38. Medieval Mama's Boy
This teenage rebellion didn't go Richard's way at all, and Henry II punished his young son in a brutal manner. Henry had his own wife, Richard's beloved mother Eleanor, imprisoned. There were rumors that Eleanor had even encouraged her sons to rebel against their head of household, so her imprisonment may have been her own comeuppance. However, Richard was a bit of a mama's boy, and Eleanor was also used as insurance to make sure Richard kept himself in line. She remained imprisoned until Henry's passing. Still, the joke was on Henry: three of Eleanor's sons, including Richard and John, would become kings.
39. Caped Crusader
Though not the most loyal of sons, Richard was a military genius, and he spent much of his rule fighting the Crusades, Europe's "holy war" against Muslim territories.
40. The King Is Dead
Richard, at only 41 years old, perished after a crossbow bolt snagged his left shoulder in 1199 during a castle siege. Once the bolt was ripped out, the wound quickly became infected. He succumbed just two days later—but his beloved Eleanor was able to make it to the site to see him before he ultimately passed. He passed on in her arms.
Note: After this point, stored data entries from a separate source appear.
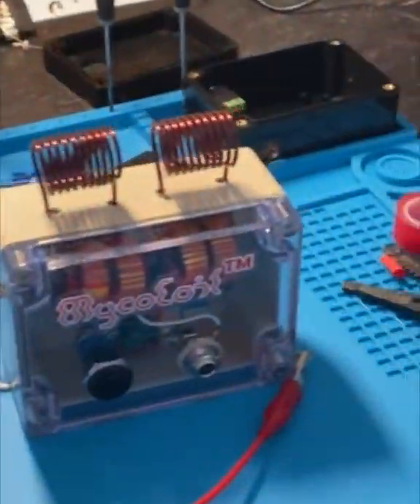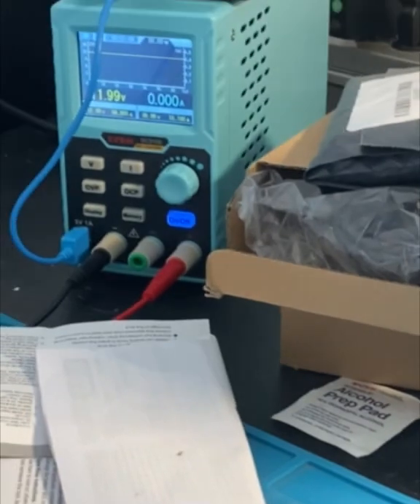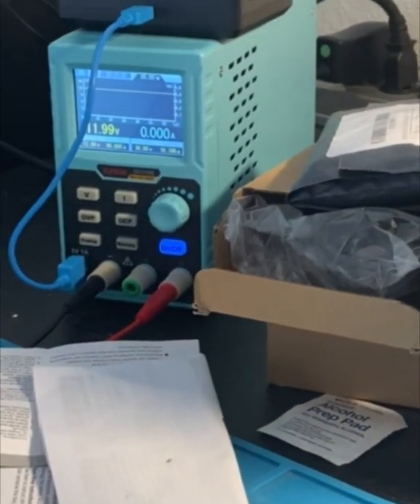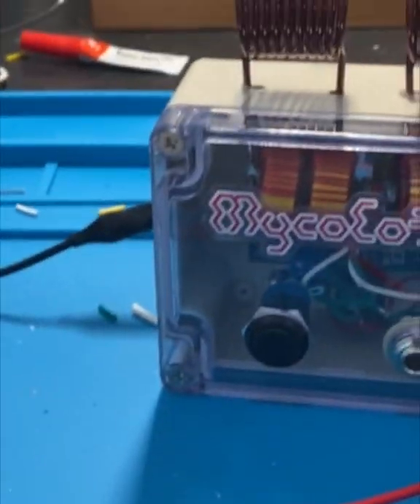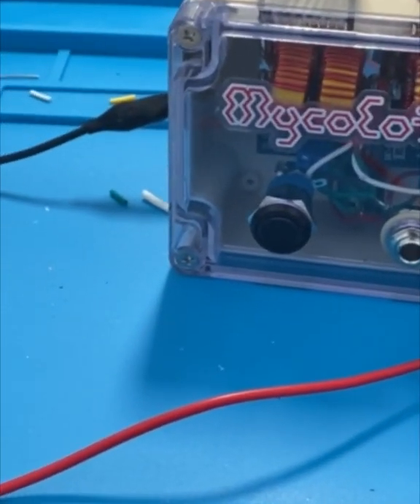What's up fam, this is a prototype product demo for the micro coil deluxe. I got it hooked up to the power supply, programmed for 12 volts and 10 amps, just like a regular power supply. I want to see how much current it pulls.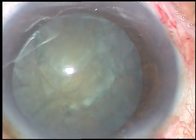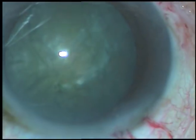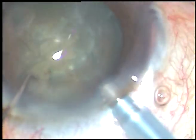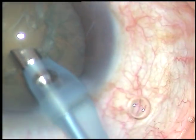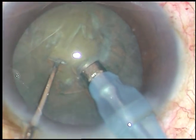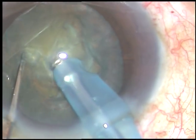Then viscoelastic substance is injected. The viscoelastic substance being used is 2% HPMC. And now, the tip of the phacoemulsification is introduced. I usually do direct chop — I usually don't make any trench.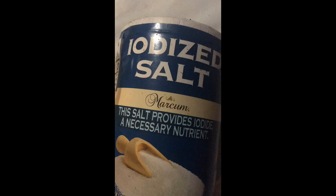Not all salts are good for canning. Your standard table salt — I posted a picture of that — is not good for canning. It is full of fillers, and it's also loaded with iodine.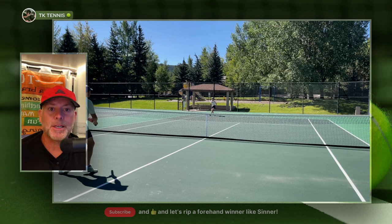All right, welcome back to TK Tennis. Today we are doing a review of ToroLine Absolute.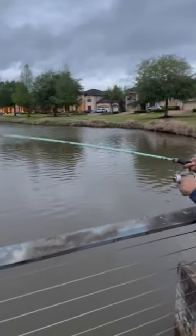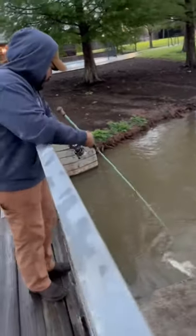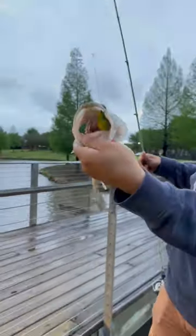There you go. Nice bass, bro. That's how you do it, y'all. Check it out. He choked it.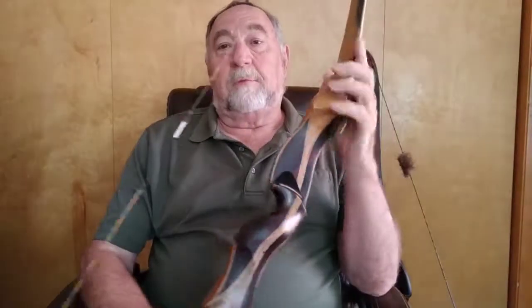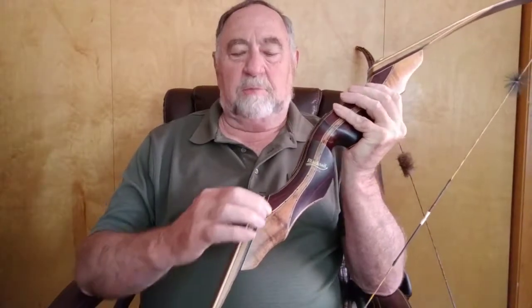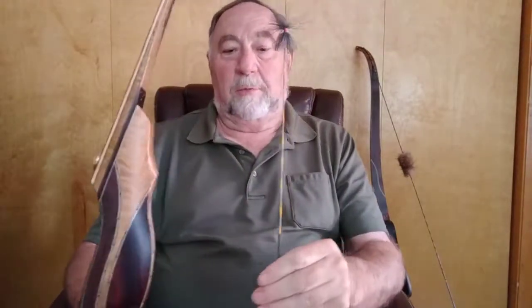Fit and finish. The fit and finish on a Blacktail is just fantastic — second to none. This is one of my favorites right here. This is my left-hand Blacktail and as you can see, it's Myrtle and Cocobolo. Where the limbs meet the riser, it's just a smooth and even transition. The color combinations are fantastic, the finish on it is just immaculate. These are just plain gorgeous bows — there's no other way to put it.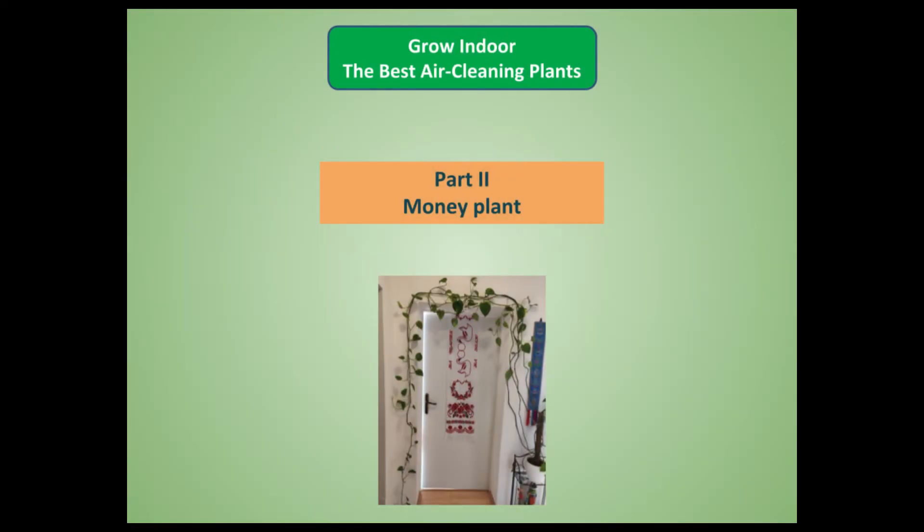Namaskar! Today we show how to grow indoors the best air-cleaning plants. In the first part, we showed how to grow the mother-in-law's tongue plant. In this second part of the video, we shall show how to grow money plant at home.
41. One Can Forget, If The Departed Do The Forgiving
Before his passing, Richard summoned the man who had shot him; he turned out to be a mere boy. When asked why he had shot the King of England, the child spat out that Richard had slain his father and brothers, and so he was seeking his revenge. He thought he was facing certain execution, but Richard's final words to the boy were an act of mercy. "Live on, and by my bounty behold the light of day," the King said, forgiving the boy and sending him away with 100 shillings. Tragically, Richard's royal pardon may have been immediately betrayed: one source reports that a vicious captain named Mercadier went against the King's wishes, flaying the boy alive and hanging him in revenge.
After William the Conqueror succumbed to an infection from ruptured intestines following an accident with his horse, something even more disgusting happened at his funeral. When priests tried to stuff the corpulent king into his coffin, they pushed down on his abdomen, causing those ruptured intestines to explode everywhere. Reportedly, his loyal mourning subjects ran as fast as they could for the nearest exit when they caught a whiff of the putrid odor emanating from their ruler. What a way to go!